Dans son village coincé à 3 000 m entre des sommets couverts de nuages, Baima reçoit autour d'un poêle à bois dans sa maison refaite à neuf aux vives couleurs, qui recouvrent les murs comme le mobilier.
A environ 500 km à l'est de Lhassa, la capitale du Tibet, son village de Tashigang s'est converti au tourisme il y a une dizaine d'années. Baima comme ses voisines sont désormais hôtelières.

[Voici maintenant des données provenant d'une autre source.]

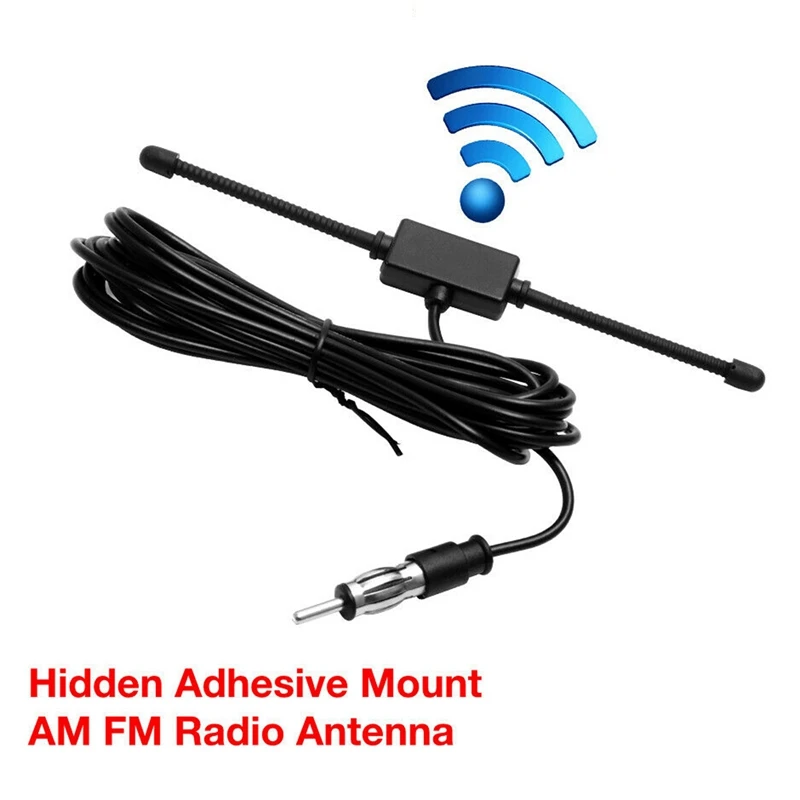 10X Black Universal Car Boat Stereo AM FM Dipole Antenna Adhesive Mount Glass Antenna Radio Antenna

"Nous vivions d'élevage et de cultures. Et puis l'Etat nous a encouragés à ouvrir un gîte", explique-t-elle à l'AFP, sous le regard de responsables chinois qui accompagnent des journalistes pour une rare visite encadrée au Tibet, région hautement sensible pour le régime communiste.
"Tenir un gîte, c'est moins dur que de garder les troupeaux", admet-elle.

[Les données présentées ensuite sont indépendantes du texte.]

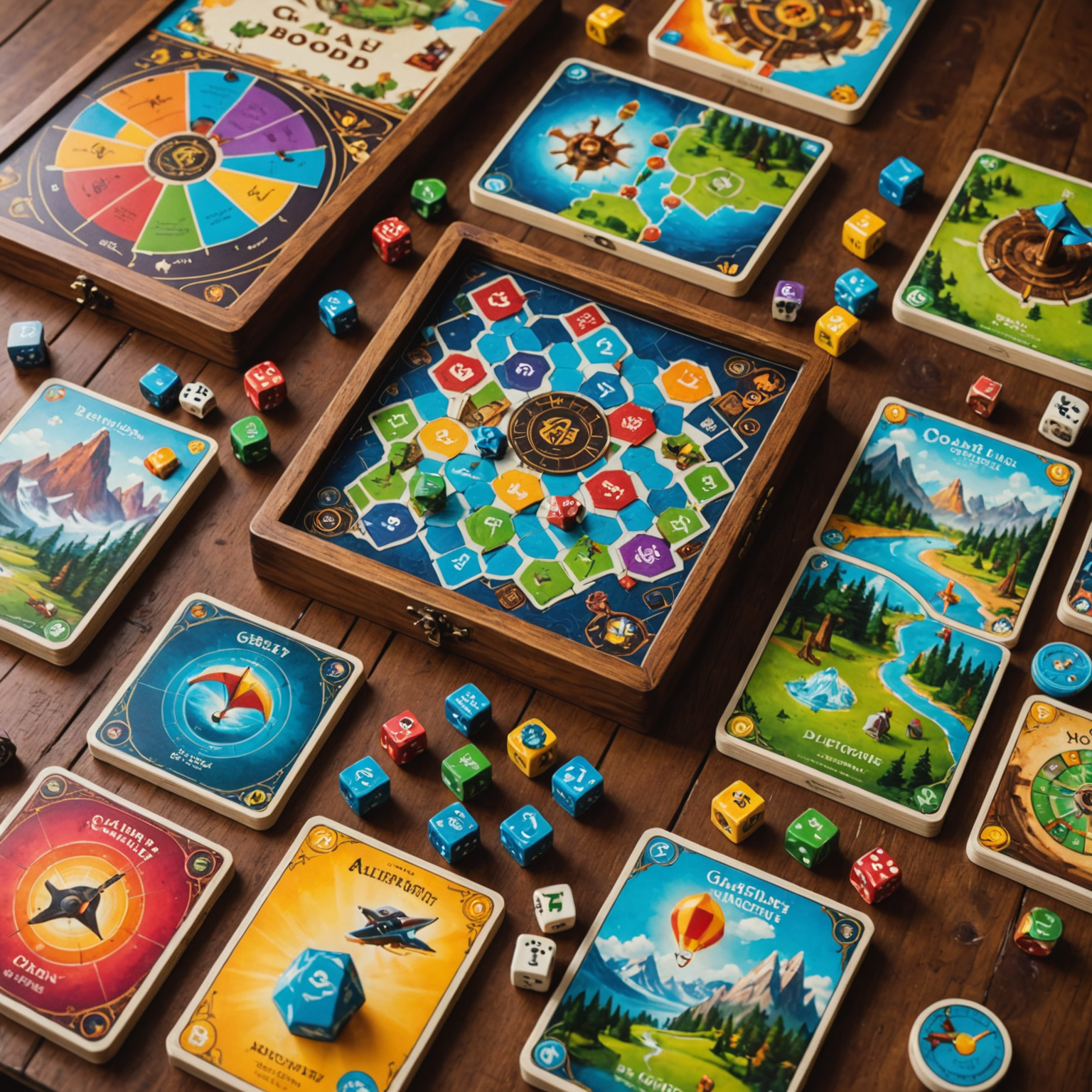 A collection of colorful adventure board games spread out on a wooden table, showcasing their vibrant artwork and intricate game pieces.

Aidés financièrement pour transformer leur maison, les habitants du village, tibétophones, ont aussi reçu des cours de mandarin pour pouvoir communiquer avec leurs visiteurs venus du reste du pays.
"A présent, 80% des villageois peuvent s'exprimer en mandarin", se félicite Chen Tiantian, une responsable locale du Parti communiste, ajoutant que les autorités ont également offert des cours de cuisine pour mieux accueillir les touristes.
Tous ces programmes de formation sont facultatifs, assure-t-elle.
«Marchandisation» culturelle
Mais l'arrivée de ces voyageurs venus de loin modifie également le mode de vie traditionnel, redoutent des experts, qui y voient un moyen pour Pékin d'atténuer la résistance de la culture tibétaine.
Robert Barnett, de l'Ecole d'études orientales et africaines (SOAS) à Londres, se dit ainsi "très inquiet de la dégradation culturelle apportée par ce tourisme de masse hyper-organisé", même s'il reconnaît que la population locale en profite financièrement.
Selon les chiffres officiels, la région autonome reçoit pas moins de 35 millions de touristes par an -- chinois en très grande majorité -- soit dix fois sa population.
Les visiteurs sont attirés par les paysages à couper le souffle et un dépaysement garanti par rapport au reste de la Chine.
Certains n'hésitent pas à s'accoutrer de la tenue traditionnelle tibétaine pour se faire prendre en photo devant les plus célèbres sites de Lhassa, comme le Potala, le palais du dalaï lama, le chef spirituel exilé depuis 1959.
"Avec l'arrivée des visiteurs lointains, nous sommes exposés à des choses nouvelles", commente une voisine de Baima, Cangjie, qui a elle aussi ouvert des chambres d'hôte, comme une cinquantaine de familles de Tashigang.
Vêtue d'une tunique traditionnelle aux manches brodées, elle pose pour les photographes dans sa maison sous des portraits du président chinois Xi Jinping et de Mao Tsé-toung, le fondateur du régime communiste.
C'est sous Mao, en 1951, que l'armée chinoise s'est emparée du Tibet, ou plutôt l'a "libéré pacifiquement" comme le veut la phraséologie du régime.
Tout en finançant la lutte contre la pauvreté, Pékin espère que le développement économique permettra d'éradiquer les velléités séparatistes au Tibet.
Cela s'accompagne d'une "marchandisation de la culture" tibétaine, s'alarme M. Barnett, expliquant que Pékin s'attend à ce que "le Parti recueille la gratitude (des habitants) pour sa générosité".
"Notre prochain objectif, c'est de faire venir des touristes étrangers", affirme Hu Xiongying, un responsable du district qui administre le village.
Mais pour l'heure, la plupart des visiteurs étrangers ne peuvent entrer au Tibet que munis d'un permis spécial et avec un guide dûment encarté. En 2019, seuls 270.000 touristes non-Chinois ont visité la région.